- Your goal
Lines to return, exactly: from the line with "2011 Chevrolet Express 2500" to the line with "2 Bedroom Property" in the entries below, both included.

- Stored data
....................

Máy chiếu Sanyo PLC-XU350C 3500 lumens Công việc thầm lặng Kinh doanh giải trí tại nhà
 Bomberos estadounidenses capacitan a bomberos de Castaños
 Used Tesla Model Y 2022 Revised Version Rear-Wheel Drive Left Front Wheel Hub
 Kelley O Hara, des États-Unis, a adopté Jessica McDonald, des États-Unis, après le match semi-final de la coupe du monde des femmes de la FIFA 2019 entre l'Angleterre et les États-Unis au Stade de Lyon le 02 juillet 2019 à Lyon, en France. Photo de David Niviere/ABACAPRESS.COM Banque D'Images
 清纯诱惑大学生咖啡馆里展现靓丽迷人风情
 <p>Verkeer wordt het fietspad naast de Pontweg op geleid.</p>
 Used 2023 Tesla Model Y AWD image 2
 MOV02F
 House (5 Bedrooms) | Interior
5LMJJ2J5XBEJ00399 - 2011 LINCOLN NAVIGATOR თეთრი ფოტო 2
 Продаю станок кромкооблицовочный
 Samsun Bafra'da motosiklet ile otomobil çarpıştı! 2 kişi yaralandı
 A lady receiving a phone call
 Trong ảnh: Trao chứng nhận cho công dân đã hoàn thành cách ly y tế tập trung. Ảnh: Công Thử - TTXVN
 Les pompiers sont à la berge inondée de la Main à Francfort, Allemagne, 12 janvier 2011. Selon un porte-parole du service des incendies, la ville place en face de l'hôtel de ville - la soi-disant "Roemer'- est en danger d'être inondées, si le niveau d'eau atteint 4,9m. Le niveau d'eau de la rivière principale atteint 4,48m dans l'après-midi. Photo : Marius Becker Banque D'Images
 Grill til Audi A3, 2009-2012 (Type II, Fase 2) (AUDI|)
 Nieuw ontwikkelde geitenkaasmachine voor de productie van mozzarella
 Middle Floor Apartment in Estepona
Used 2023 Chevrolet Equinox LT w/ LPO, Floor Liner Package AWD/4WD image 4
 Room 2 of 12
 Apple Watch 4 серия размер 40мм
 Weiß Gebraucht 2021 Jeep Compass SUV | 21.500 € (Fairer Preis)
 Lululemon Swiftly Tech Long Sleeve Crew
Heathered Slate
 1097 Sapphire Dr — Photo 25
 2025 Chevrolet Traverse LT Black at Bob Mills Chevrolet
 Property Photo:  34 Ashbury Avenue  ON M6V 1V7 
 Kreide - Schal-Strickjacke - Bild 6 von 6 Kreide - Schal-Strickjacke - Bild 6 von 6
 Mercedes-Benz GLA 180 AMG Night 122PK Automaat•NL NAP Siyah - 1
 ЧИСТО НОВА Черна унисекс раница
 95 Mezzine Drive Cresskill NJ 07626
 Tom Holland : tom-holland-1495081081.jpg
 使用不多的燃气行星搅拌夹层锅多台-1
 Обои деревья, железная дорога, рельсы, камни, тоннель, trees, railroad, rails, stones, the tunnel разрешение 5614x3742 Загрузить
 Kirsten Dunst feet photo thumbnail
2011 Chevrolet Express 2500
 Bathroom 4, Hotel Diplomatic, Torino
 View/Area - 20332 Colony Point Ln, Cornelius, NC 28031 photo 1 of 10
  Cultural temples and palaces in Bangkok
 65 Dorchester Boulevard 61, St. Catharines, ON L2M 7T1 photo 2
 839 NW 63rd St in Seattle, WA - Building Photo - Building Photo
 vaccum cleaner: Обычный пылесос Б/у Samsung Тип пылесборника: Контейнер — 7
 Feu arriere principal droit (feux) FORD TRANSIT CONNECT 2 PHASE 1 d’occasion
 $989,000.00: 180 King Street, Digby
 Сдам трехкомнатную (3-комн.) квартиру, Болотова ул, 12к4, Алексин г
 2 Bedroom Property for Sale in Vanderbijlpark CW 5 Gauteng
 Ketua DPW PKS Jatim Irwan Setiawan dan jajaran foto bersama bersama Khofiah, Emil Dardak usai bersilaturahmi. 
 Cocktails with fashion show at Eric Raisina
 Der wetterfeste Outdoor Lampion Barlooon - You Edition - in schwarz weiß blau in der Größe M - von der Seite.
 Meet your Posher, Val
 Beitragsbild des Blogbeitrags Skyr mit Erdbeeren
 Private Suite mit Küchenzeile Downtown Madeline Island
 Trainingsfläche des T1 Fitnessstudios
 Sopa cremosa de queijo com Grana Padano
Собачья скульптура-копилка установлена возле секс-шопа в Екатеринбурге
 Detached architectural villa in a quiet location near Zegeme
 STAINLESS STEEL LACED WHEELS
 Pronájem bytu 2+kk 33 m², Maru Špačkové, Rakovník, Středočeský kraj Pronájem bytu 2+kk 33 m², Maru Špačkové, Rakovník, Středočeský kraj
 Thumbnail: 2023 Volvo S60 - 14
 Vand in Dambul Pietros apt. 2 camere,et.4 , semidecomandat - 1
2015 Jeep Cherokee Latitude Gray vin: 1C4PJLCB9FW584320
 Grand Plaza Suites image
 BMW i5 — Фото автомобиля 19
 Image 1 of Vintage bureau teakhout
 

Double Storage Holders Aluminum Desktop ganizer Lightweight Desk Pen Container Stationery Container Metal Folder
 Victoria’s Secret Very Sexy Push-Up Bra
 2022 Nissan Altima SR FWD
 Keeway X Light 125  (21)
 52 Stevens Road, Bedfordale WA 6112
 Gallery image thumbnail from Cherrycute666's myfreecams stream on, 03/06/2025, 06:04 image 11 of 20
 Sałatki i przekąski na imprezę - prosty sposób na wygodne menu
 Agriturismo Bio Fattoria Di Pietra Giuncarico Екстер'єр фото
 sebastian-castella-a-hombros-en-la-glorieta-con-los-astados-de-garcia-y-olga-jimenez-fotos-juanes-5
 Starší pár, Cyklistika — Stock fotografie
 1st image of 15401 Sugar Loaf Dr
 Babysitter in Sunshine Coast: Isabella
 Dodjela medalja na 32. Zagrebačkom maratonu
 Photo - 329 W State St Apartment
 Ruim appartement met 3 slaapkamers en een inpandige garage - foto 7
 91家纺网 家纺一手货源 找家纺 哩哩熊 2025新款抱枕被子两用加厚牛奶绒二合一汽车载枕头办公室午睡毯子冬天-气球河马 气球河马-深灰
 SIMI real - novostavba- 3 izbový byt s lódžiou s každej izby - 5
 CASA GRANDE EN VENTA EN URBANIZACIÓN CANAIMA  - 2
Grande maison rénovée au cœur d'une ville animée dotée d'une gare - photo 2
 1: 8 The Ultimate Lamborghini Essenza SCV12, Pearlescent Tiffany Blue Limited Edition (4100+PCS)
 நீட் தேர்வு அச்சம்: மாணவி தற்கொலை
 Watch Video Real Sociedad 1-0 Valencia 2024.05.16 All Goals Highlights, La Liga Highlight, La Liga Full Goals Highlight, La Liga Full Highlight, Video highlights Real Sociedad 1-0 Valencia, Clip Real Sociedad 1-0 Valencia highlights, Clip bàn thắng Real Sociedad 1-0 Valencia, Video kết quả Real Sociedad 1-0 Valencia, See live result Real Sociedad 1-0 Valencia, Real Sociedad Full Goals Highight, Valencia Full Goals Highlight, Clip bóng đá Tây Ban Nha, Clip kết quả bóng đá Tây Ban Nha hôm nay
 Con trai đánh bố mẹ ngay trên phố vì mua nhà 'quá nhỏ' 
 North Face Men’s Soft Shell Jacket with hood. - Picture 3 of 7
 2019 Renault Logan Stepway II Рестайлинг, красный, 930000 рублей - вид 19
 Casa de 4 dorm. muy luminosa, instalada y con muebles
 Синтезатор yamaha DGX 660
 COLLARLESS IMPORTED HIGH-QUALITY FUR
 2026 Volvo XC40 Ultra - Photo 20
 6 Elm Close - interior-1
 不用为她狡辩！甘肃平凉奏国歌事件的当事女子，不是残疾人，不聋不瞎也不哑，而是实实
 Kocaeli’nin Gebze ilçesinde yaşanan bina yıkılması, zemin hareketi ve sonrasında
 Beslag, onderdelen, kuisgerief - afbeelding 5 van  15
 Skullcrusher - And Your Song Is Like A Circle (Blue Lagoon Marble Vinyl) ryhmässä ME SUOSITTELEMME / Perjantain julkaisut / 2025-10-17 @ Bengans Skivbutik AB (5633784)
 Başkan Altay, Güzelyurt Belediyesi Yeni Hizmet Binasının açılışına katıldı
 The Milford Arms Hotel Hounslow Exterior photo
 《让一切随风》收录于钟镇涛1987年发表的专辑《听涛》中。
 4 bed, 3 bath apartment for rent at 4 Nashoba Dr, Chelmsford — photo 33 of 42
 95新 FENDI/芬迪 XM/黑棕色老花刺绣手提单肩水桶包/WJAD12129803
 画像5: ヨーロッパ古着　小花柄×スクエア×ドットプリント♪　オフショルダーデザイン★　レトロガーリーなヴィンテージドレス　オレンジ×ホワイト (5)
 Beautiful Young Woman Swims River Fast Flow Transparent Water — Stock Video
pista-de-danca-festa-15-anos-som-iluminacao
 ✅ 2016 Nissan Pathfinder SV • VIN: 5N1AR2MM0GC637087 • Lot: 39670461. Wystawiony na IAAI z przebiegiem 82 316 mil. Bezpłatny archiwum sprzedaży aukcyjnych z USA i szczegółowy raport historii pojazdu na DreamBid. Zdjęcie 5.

....................

- Output below
2011 Chevrolet Express 2500
 Bathroom 4, Hotel Diplomatic, Torino
 View/Area - 20332 Colony Point Ln, Cornelius, NC 28031 photo 1 of 10
  Cultural temples and palaces in Bangkok
 65 Dorchester Boulevard 61, St. Catharines, ON L2M 7T1 photo 2
 839 NW 63rd St in Seattle, WA - Building Photo - Building Photo
 vaccum cleaner: Обычный пылесос Б/у Samsung Тип пылесборника: Контейнер — 7
 Feu arriere principal droit (feux) FORD TRANSIT CONNECT 2 PHASE 1 d’occasion
 $989,000.00: 180 King Street, Digby
 Сдам трехкомнатную (3-комн.) квартиру, Болотова ул, 12к4, Алексин г
 2 Bedroom Property for Sale in Vanderbijlpark CW 5 Gauteng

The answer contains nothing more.